Bid Evaluation for Scope Equivalency
When bids come back, the first evaluation pass is scope equivalency: did every contractor price the same scope? Scope exceptions, where a bidder substituted a different membrane thickness, attachment method, or warranty tier, are common and often not flagged in the bid narrative. We read each bid against the RFP line by line and produce a scope-equivalency table before any cost comparisons are made. An owner who compares prices without first confirming scope equivalency is comparing different products, not different prices.
The second pass is unbalanced bid analysis: are any line items priced in a way that suggests margin recovery through change orders? Low base bids paired with high unit prices on insulation replacement, deck replacement, or penetration work are the standard pattern in St Louis commercial roofing bids from contractors who bid low to get to contract and then recover on field-condition allowances. The third pass is qualifications review: does each bidder meet the insurance requirements, manufacturer credentialing requirements, and documented project history the RFP specified?
Reference Checking in the St Louis Market
We conduct structured reference checks on contractors the owner has not worked with before.
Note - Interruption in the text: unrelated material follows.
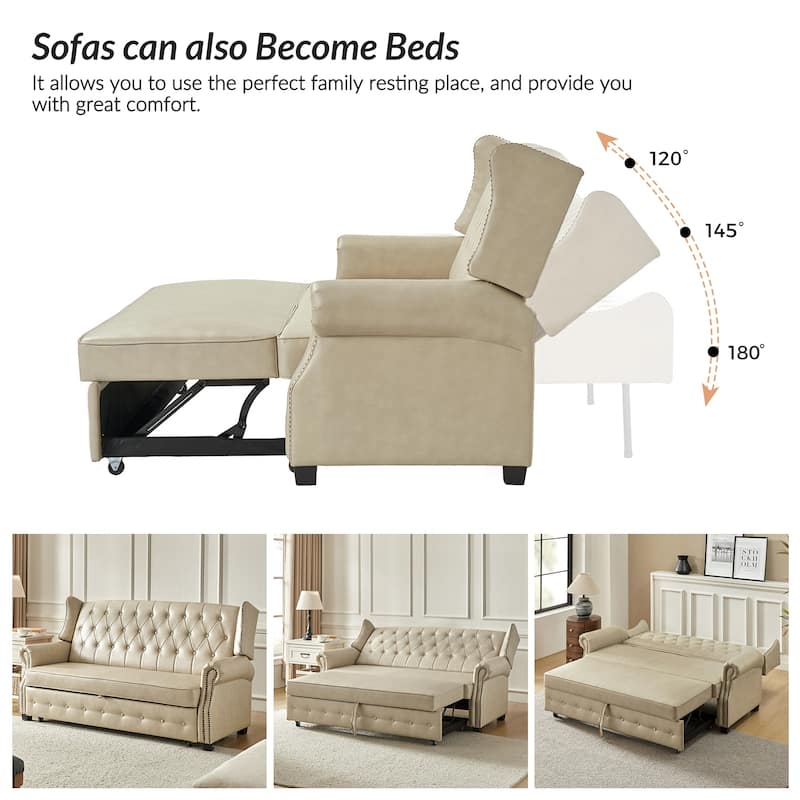 Ruedi Transitional 73.6" Vegan Leather Sofa Bed with Tufted Back and Nailhead by HULALA HOME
The questions are specific: request the last three completed St Louis commercial projects above $250,000, ask for manufacturer warranty closeout documentation from each, ask for the name of the manufacturer's field representative who conducted the final warranty inspection, and ask the owner reference whether the manufacturer warranty was issued as specified at closeout and whether it has remained active.
General reference calls from a contractor's provided reference list surface satisfaction but not performance patterns. A contractor can produce three satisfied customer references and still have a consistent pattern of warranty inspection punch lists that stayed open for 90 days. The St Louis market is small enough that specific project-level warranty performance information is accessible if you ask the right questions of the right people, and we have those conversations regularly as part of our market position.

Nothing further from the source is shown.